Se houve incompetência na contenção nos grandes municípios, essa inépcia não deve se espalhar para os pequenos”

Valor: O dinheiro curto não justifica a prioridade para as regiões mais densamente povoadas?

Pereira Júnior: Mas são medidas baratas que esses municípios necessitam, bloqueios e kits para testes, justamente para evitar que a doença se espalhe por municípios sem rede hospitalar e acabe sobrecarregando o sistema de saúde dos grandes centros do país. Se já está difícil cuidar dos residentes nos municípios infectados, podemos imaginar as dificuldades com que nos defrontaremos se forem adicionados a uma situação de risco mais 100 milhões de pessoas que vivem naqueles que ainda não têm casos registrados. Pegue o Estado de Goiás, por exemplo. Talvez os dados já tenham mudado, mas no último balanço que vi, o Estado tem 12 municípios que abrigam 3,6 milhões de pessoas com casos notificados e 234 municípios que somam uma população de 3,4 milhões sem notificações.
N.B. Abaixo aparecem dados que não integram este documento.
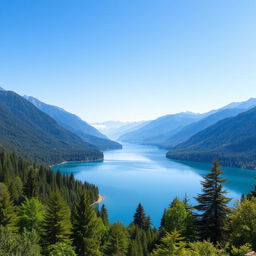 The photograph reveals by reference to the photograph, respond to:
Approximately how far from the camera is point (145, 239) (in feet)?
178

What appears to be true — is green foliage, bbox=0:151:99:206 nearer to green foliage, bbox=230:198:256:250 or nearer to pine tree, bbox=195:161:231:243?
pine tree, bbox=195:161:231:243

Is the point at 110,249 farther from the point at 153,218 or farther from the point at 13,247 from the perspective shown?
the point at 153,218

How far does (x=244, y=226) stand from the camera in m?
25.0

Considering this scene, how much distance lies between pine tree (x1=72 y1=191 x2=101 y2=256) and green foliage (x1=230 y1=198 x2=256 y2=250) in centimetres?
1663

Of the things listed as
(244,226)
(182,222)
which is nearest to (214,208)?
(244,226)

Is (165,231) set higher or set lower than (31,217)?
higher

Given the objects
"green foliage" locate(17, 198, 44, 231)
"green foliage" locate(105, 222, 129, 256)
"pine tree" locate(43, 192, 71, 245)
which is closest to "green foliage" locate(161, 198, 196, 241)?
"green foliage" locate(105, 222, 129, 256)

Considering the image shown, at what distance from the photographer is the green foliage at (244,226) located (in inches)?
975

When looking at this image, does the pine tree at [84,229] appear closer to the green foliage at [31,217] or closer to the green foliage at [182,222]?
the green foliage at [182,222]

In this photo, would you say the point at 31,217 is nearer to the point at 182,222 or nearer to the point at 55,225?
the point at 55,225

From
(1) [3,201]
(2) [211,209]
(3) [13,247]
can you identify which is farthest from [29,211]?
(2) [211,209]

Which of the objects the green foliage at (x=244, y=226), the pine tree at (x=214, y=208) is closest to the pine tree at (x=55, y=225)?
the pine tree at (x=214, y=208)

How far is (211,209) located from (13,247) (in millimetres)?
21058

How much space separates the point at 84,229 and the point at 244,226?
1866cm
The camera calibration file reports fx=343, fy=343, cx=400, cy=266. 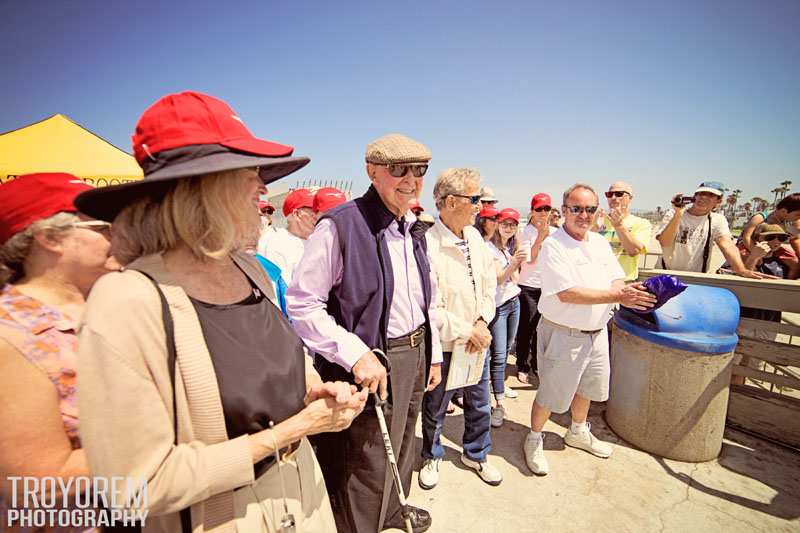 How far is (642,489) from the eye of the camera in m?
2.89

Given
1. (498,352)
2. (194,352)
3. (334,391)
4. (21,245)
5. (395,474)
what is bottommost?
(498,352)

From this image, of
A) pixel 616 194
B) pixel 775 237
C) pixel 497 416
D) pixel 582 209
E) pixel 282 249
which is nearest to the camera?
pixel 582 209

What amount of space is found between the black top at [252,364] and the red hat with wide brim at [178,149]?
36 centimetres

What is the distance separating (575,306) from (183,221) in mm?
2921

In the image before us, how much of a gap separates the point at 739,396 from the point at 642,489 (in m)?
1.70

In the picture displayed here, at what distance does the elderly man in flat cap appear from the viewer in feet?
6.25

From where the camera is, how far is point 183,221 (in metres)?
1.02

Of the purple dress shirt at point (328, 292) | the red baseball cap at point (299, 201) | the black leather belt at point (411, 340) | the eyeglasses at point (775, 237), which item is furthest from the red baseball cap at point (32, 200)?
the eyeglasses at point (775, 237)

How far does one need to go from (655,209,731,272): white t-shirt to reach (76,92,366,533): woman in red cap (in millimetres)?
4933

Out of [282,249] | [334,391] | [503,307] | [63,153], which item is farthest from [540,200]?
[63,153]

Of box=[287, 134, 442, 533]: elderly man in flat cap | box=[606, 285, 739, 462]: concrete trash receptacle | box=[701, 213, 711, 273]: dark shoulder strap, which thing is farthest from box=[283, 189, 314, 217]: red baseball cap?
box=[701, 213, 711, 273]: dark shoulder strap

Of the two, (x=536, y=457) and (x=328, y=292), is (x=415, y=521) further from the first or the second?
(x=328, y=292)

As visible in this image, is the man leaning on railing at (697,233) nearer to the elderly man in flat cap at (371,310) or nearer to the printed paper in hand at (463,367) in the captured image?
the printed paper in hand at (463,367)

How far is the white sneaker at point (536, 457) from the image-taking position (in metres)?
3.10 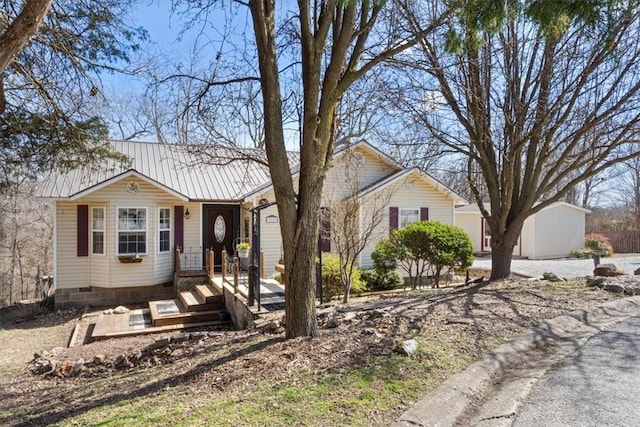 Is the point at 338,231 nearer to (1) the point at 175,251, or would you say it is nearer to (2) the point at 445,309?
(2) the point at 445,309

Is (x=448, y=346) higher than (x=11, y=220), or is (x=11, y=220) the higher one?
(x=11, y=220)

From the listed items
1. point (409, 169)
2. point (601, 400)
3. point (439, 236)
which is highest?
point (409, 169)

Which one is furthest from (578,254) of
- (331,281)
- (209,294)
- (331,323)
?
(331,323)

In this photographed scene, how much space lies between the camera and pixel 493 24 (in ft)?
15.8

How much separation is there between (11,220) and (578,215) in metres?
30.0

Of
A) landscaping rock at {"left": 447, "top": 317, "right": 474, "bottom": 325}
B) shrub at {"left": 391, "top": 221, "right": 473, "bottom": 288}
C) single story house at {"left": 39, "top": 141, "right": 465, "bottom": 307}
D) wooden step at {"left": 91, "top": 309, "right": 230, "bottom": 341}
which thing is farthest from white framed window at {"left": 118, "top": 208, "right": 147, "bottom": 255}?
landscaping rock at {"left": 447, "top": 317, "right": 474, "bottom": 325}

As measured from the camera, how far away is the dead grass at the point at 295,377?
10.7 feet

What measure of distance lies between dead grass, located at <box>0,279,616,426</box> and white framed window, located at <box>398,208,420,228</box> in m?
8.90

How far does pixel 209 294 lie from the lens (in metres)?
11.4

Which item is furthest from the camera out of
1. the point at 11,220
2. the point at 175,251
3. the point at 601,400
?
the point at 11,220

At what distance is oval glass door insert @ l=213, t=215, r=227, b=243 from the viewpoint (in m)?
15.2

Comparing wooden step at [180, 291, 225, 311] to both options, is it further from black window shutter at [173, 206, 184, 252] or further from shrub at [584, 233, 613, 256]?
shrub at [584, 233, 613, 256]

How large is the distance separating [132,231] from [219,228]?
3.08 metres

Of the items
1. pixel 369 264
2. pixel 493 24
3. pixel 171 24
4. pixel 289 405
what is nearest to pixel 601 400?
pixel 289 405
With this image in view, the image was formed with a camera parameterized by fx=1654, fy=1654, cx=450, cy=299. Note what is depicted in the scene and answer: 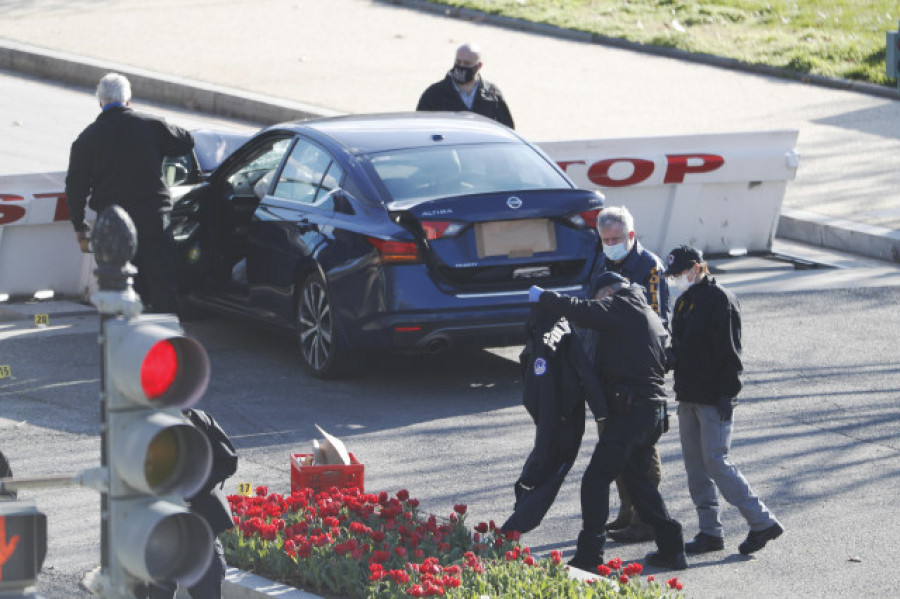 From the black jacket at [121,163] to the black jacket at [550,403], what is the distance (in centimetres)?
392

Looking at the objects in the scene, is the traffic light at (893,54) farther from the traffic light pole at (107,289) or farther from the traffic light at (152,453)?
the traffic light at (152,453)

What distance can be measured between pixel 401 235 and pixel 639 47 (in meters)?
15.4

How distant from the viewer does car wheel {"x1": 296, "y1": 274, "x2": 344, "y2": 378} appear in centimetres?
1054

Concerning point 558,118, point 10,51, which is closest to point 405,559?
point 558,118

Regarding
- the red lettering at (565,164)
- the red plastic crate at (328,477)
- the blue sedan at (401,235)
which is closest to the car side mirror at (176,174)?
the blue sedan at (401,235)

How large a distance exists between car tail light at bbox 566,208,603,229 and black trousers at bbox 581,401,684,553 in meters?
3.00

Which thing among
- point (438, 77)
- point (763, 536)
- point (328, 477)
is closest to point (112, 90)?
point (328, 477)

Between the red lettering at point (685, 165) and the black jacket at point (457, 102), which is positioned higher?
the black jacket at point (457, 102)

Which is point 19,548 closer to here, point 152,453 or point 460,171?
point 152,453

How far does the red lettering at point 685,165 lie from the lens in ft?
47.1

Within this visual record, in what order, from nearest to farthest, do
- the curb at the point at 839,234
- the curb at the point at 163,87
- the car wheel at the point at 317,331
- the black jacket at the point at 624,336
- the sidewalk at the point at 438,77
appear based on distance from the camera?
the black jacket at the point at 624,336 < the car wheel at the point at 317,331 < the curb at the point at 839,234 < the sidewalk at the point at 438,77 < the curb at the point at 163,87

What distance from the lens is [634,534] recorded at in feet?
26.1

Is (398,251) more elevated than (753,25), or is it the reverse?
(398,251)

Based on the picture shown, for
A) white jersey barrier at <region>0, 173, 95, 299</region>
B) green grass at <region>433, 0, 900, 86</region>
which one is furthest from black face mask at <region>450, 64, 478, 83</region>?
green grass at <region>433, 0, 900, 86</region> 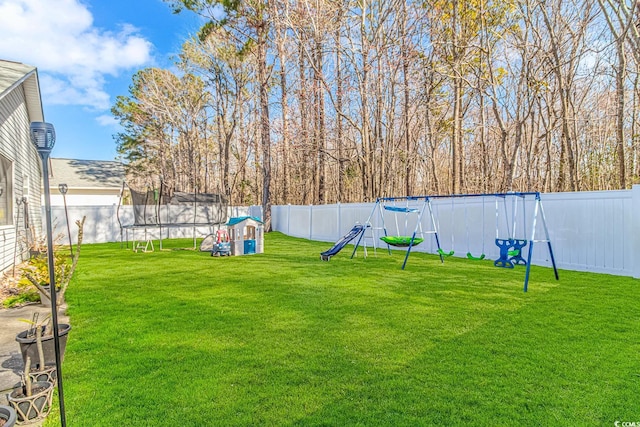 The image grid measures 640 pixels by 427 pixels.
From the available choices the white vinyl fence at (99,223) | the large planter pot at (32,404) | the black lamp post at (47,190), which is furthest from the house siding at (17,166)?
the black lamp post at (47,190)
Se o vírus se espalhar para todo o seu território, o governador terá não mais de se preocupar com 12, mas com todos os 246 municípios e 7 milhões de pessoas.

Valor: O fato de serem comunidades mais isoladas não acaba servindo de barreira de proteção?

Pereira Júnior: Se as cidades de pequeno e médio porte das quais esses povoados são dependentes não tiverem a covid-19, a doença não chegará lá. Mas se tiverem, vai se espalhar nos grotões com certeza. E pode dizimar muitas comunidades remotas do Norte, Nordeste e Centro-Oeste em que o acesso, principalmente em período de chuva, fica intransitável.

Valor: Mas os governadores não estão bloqueando estradas?

Pereira Júnior: Os bloqueios são mais interestaduais do que entre os municípios. E também tem que fazer testes. Testou a população e não deu positivo, isola e deixa a cidade funcionar normalmente. Realidades diferentes exigem abordagens distintas. São Paulo tem 645 municípios e 45 milhões de habitantes em uma área de 248 mil quilômetros quadrados, com intensa mobilidade social e econômica entre seus municípios e 1.517 casos de contaminação com 113 óbitos. O Mato Grosso tem 141 municípios e uma população de 3,5 milhões numa área de 903 mil quilômetros quadrados com baixa mobilidade entre os municípios e 18 casos registrados. São realidades completamente diferentes. No caso de Mato Grosso tem que se pensar em estratégias para isolar pessoas nos quatro municípios afetados e estratégias para isolar o vírus, evitando que ameace a vida dos habitantes dos 137 municípios que ainda estão livres da contaminação.

Valor: O bate-cabeça no governo federal não prejudica?

Pereira Júnior: Falta uma ação coordenada, mas o problema não é só o presidente. O que restringe a atividade econômica são as medidas de mitigação, mas se você faz a contenção nem vai ter o que mitigar. As cidades vão poder funcionar normalmente. As autoridades locais se preocupam mais em preparar hospitais do que em prevenir que mais gente precise deles.

Valor: Massificar os testes exigiria um investimento muito grande. A muito custo, o Ministério da Saúde conseguiu comprar 500 mil kits. Não é inviável enviar testes para 5.570 municípios?

Pereira Júnior: A pergunta que tem que ser feita é se não é inviável arrumar leitos hospitalares para municípios ainda livres do vírus onde moram mais de 100 milhões de brasileiros. Basta olhar para as dificuldades que enfrentamos hoje, para aumentar a capacidade de atendimento dos hospitais em leitos de UTI e de respiradores. Se a contaminação não for contida, os municípios que serão atingidos são os mais carentes de instalações hospitalares e de profissionais da área médica. Como vamos atender essa demanda? Serão trazidos para os grandes centros? Haverá disponibilidade suficiente na rede hospitalar e nos hospitais de campanha instalados pelos governadores nas capitais? Serão instalados hospitais de campanha nos novos municípios? Teremos equipamentos e pessoal, médicos e enfermeiros, suficientes para trabalharem nessas áreas? Se houve incompetência na contenção nos grandes municípios, essa inépcia não deve se espalhar para os pequenos. Ainda dá tempo.